Kerry King Demands Payment in Eggs for Remaining Tour Dates: “We Want to Feel Like Millionaires”

As Kerry King’s 2025 North American tour rages on, a shocking mid-tour demand has surfaced: no more cash payments—only eggs. Yes, you heard it right. In response to the ever-rising price of eggs, the legendary Slayer guitarist has reportedly instructed promoters to pay the band in crates of eggs for the remaining dates, stating, “At this point, getting handed a box of eggs feels like walking out of the venue with a sack of gold.”

Sources close to King reveal that after a breakfast bill in Detroit nearly bankrupted the band, he had a revelation: why accept money that depreciates when you can stockpile the ultimate form of currency—eggs? “Back in the day, we thrashed about war and hell. Now, it’s about the struggle of affording an omelet. Times change,” King philosophized during a backstage interview.

The new egg-based payment system has already led to logistical nightmares. Reports from last night’s show in Chicago suggest that the band’s tour bus now resembles a giant refrigerated warehouse, and Municipal Waste’s crew had to build a makeshift nest backstage after a rogue chicken was smuggled into the green room.

“We thought we were getting paid in, like, metaphorical eggs. But no. These are actual, fragile, protein-packed orbs of destruction,” said a bewildered member of Alien Weaponry, who now carries cartons of eggs as stage props.
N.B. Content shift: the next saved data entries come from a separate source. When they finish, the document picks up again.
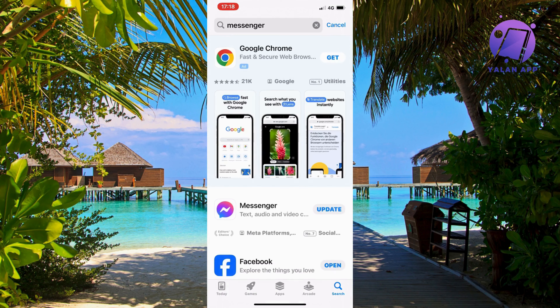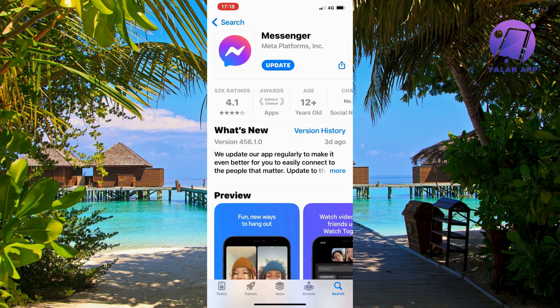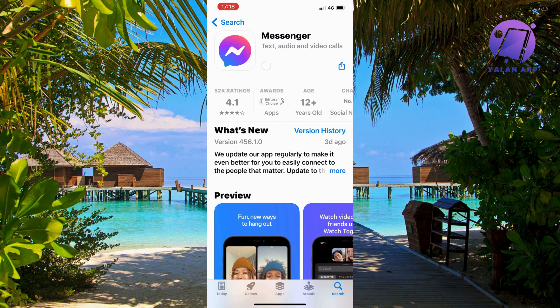Scroll down a little bit and you'll see a blue Update button. Click on the Update button because you need to make sure you have the latest update for Facebook Messenger in order to actually access Meta AI.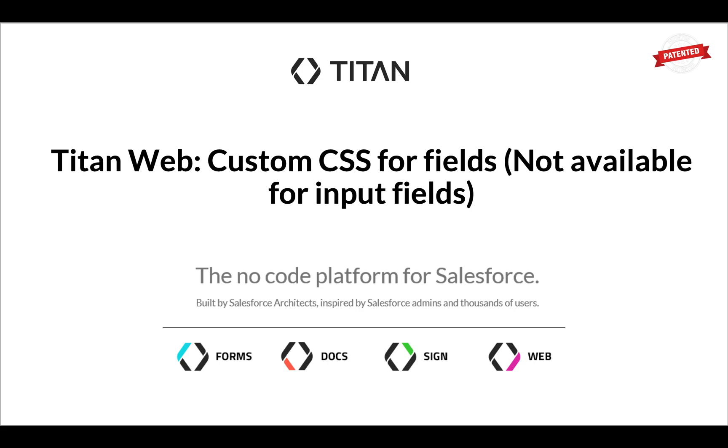We'll show you the custom CSS for fields. It's not available for input fields, but for other elements, we'll show you where you can find the custom CSS.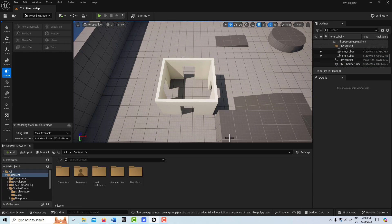Hey, how's it going? Today I'm going to show you how to use the modeling tools to create a basic roof.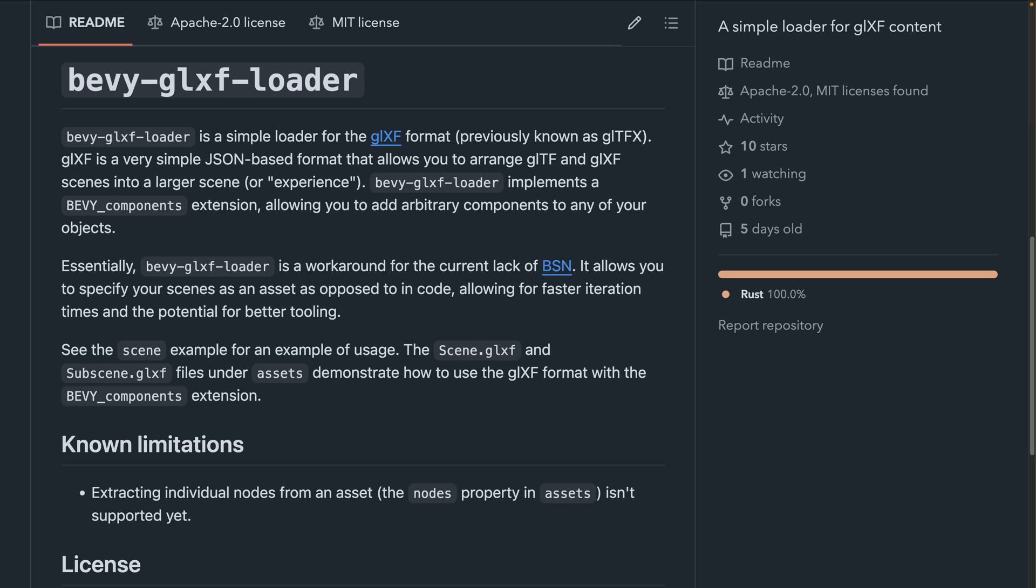Bevy GLXF Loader implements a Bevy Components extension that allows you to add arbitrary components to nodes so that you can use it as an alternative to BSN. Do note that currently this feels like a temporary workaround until we get BSN and likely the author of this crate will move on to BSN when that comes out.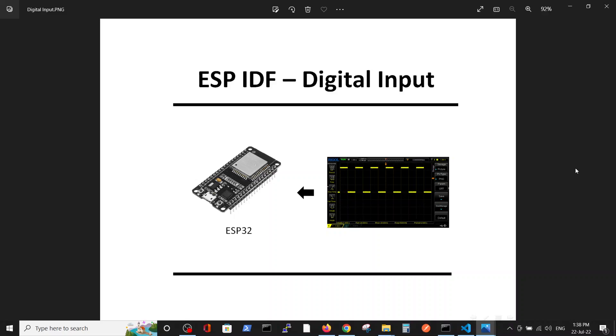Hello, in this video we're going to talk about digital input to ESP32 inside the FreeRTOS ESPIDF environment. We will generate the following pattern which was covered in the previous video called digital output.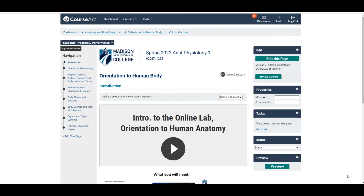Hello, my friends. This is Chuck Benton. I am an instructor of anatomy and physiology at Madison College.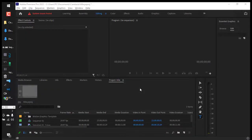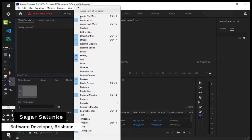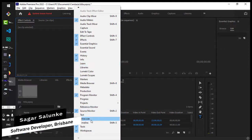This video shows how you can open the Timeline panel in Adobe Premiere Pro. Right now you can see that the Timeline panel is not visible. To get that Timeline panel, you have to click on the editing workspace, then go to Window and click on Timeline.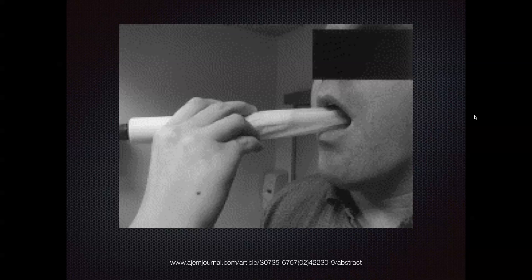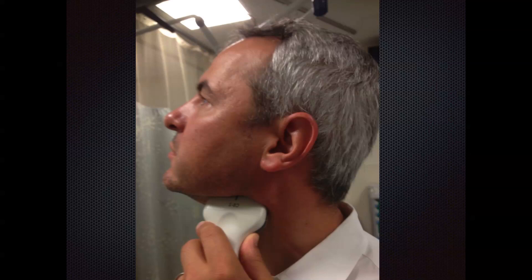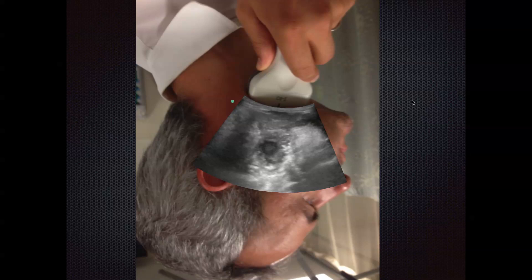The other problem is we didn't have this endocavitary probe. So what we did is we actually used a curvilinear probe — and I've done this before also with a linear probe. You can see the probe marker pointing posteriorly and the front toward the front of the mouth. So if you think about what this looks like on your screen: here's the tonsillar area, the carotid is right here, and here is air and tongue with the inside of the mouth.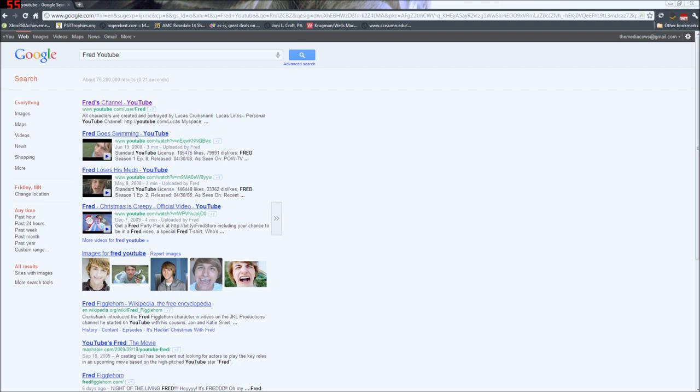So Sesame Street was hacked, right? And they put porn on Sesame Street's channel, and then the channel was shut down by YouTube because of the porn, which is the thing that would happen if you upload porn on YouTube - you'd have your account shut down.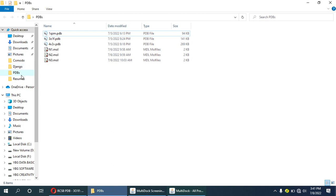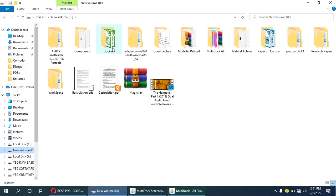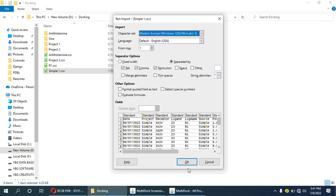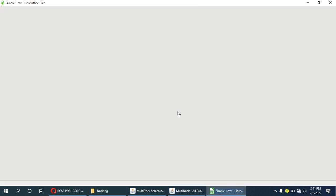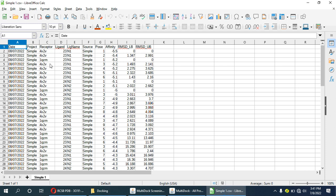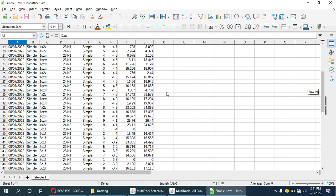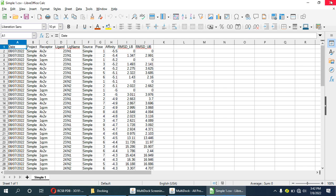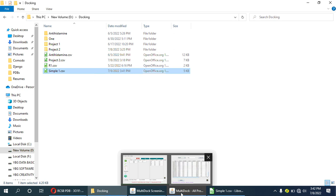The results file contains the following fields: product name, receptor, ligand, ligand name, source, pose, affinity, RMSD lower bound, and RMSD upper bound. All the results are here and we can further analyze this result.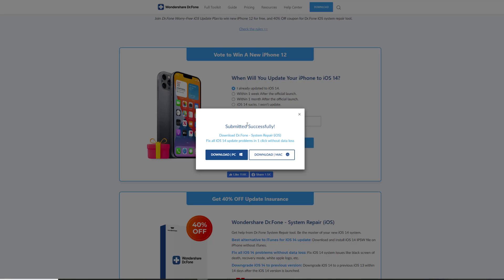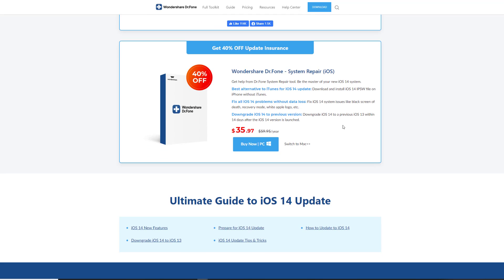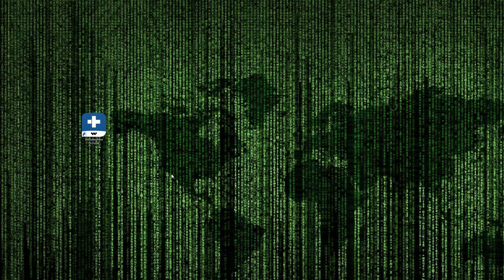Once you do that, it says submission is done successfully. And that's it. If you win, you are going to be notified, just check your email for further instructions. And I do want to let you know, if you have an iPhone, you can get 40% off their Wondershare Dr. Phone System Repair Tool. Now let me show you what this tool is and what it can do for you.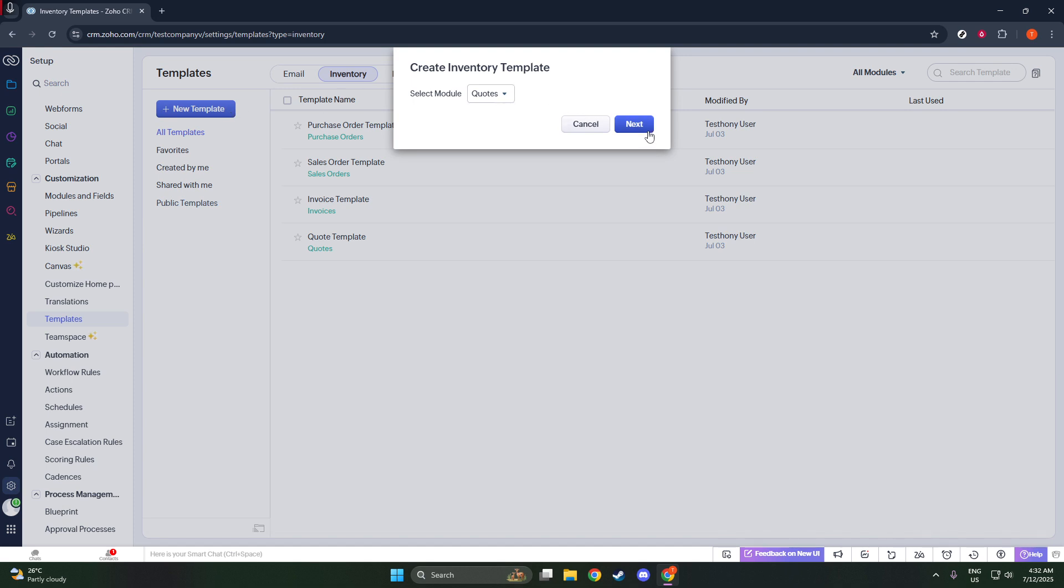When you're on the Quotes page, look for the option that says Plus New Template. Clicking this will open up possibilities for your quote design.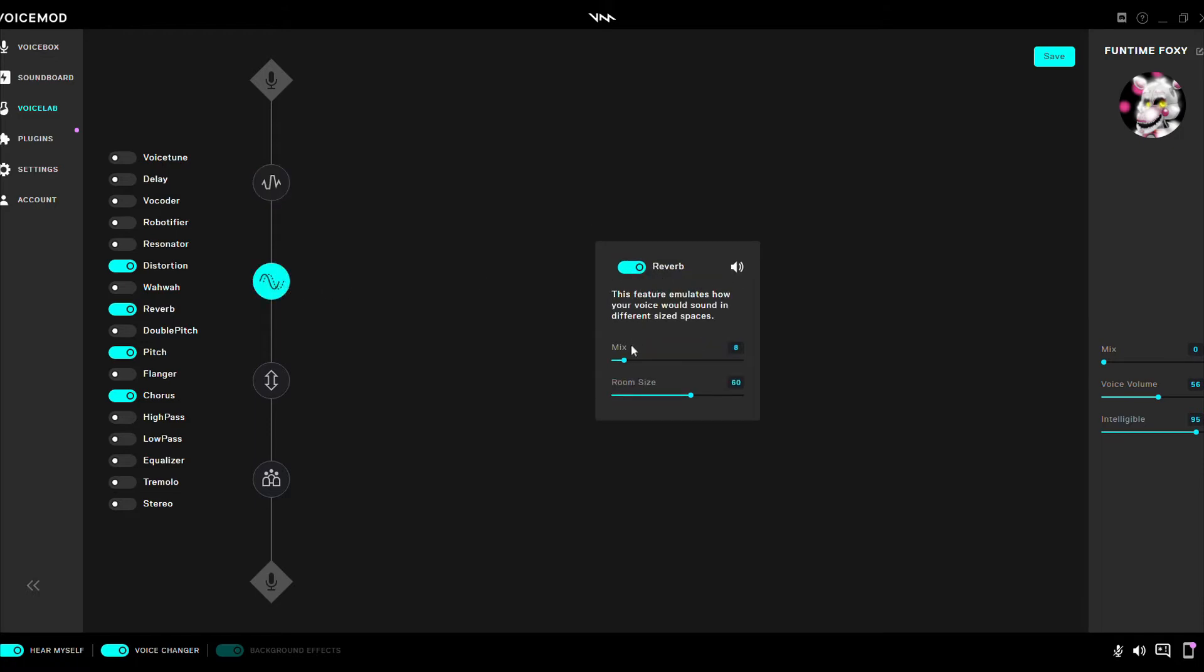Reverb. The voice does have a bit of reverb so I put the reverb as well. So it's going to be Mix 8, Room Size 60, Next 16... 60... 6, 0.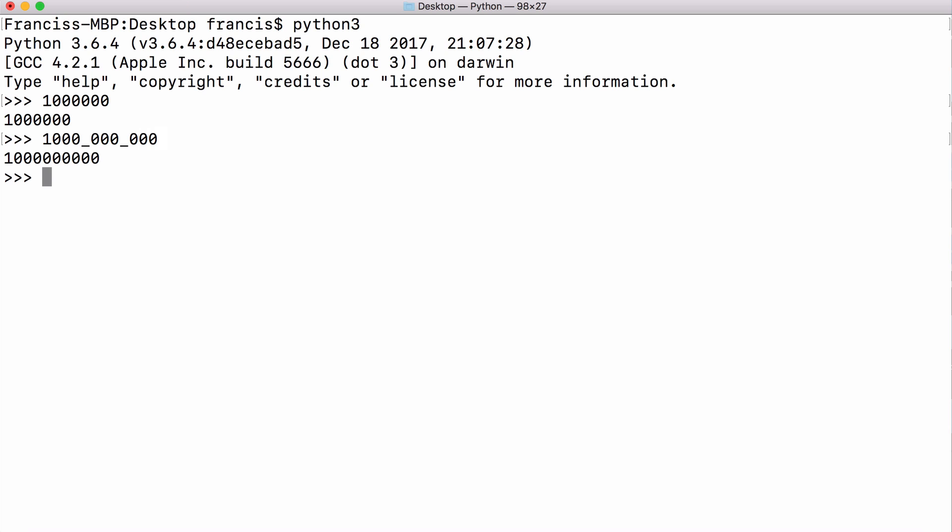So if I run that now you can see it prints the same number. You can also put the underscores anywhere in the number. So I could say one underscore zero underscore zero and it would print 100.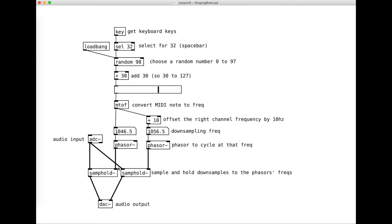The way sample and hold works is every time the signal that's coming in drops, it takes another sample. Our phaser — remember this is a sawtooth wave — so it goes up, up, up, up, and then it drops once every cycle. As it's going up, it's not going to trigger the sample and hold, but then when it drops it triggers it. Once per cycle, and then the phaser is going to cycle at 1046.5 hertz, so that'll be a significant downsampling.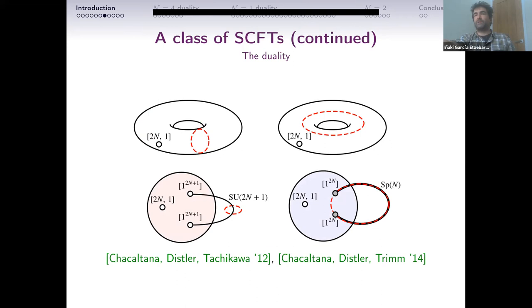Geometrically, this also has a beautiful interpretation. The SU(N) theory with symmetric and anti-symmetric can be obtained by starting with a torus with one puncture and a twist. Depending on which limit you take, you either get the theory with symmetric and anti-symmetric, or you get the R_{2,k} superconformal theory coupled with part of the global symmetry gauged.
King has assured fans that this change will only improve the experience. “When we step on stage, we won’t just be musicians—we’ll be gods among mortals, wealthy beyond measure in poultry riches,” he declared. Merch tables have also adjusted accordingly, now offering From Hell I Rise vinyl for 18 eggs, or a signed poster for a dozen.

Meanwhile, economic experts are left puzzled by King’s move. “At this rate, we’re expecting a black market for Kerry King autographs traded exclusively for organic, free-range eggs,” said one Wall Street analyst. “It’s honestly not the weirdest thing metal has done.”

As the tour heads to its final stops, fans are advised to check venue policies. While some arenas have implemented egg drop-off stations, others are enforcing strict “no egg moshing” rules after an unfortunate yolk-related accident in Toronto.

One thing is certain—Kerry King isn’t just ruling the metal world. He’s conquering the poultry economy, one carton at a time.